Given records:

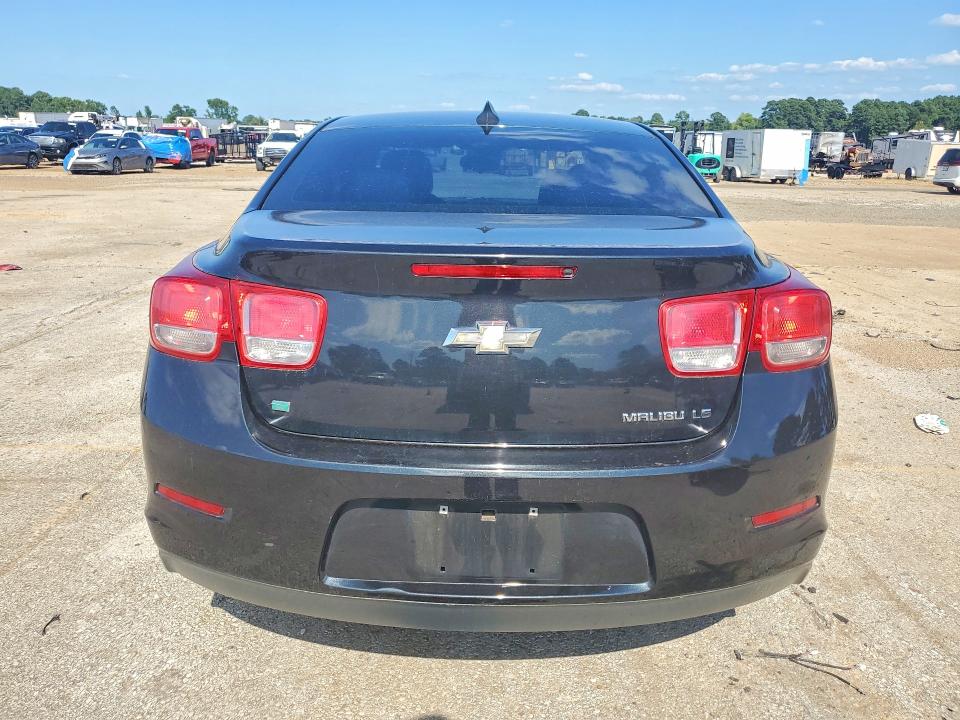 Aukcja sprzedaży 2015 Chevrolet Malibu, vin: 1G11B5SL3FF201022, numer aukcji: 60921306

--

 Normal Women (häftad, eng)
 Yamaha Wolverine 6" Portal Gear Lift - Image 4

How to complete this task: Your reply is to repeat, unchanged, the lines above running from the one with "Normal Women (häftad, eng)" up to and including the one with "Lift - Image 4".

Solution for this problem:
 Normal Women (häftad, eng)
 Yamaha Wolverine 6" Portal Gear Lift - Image 4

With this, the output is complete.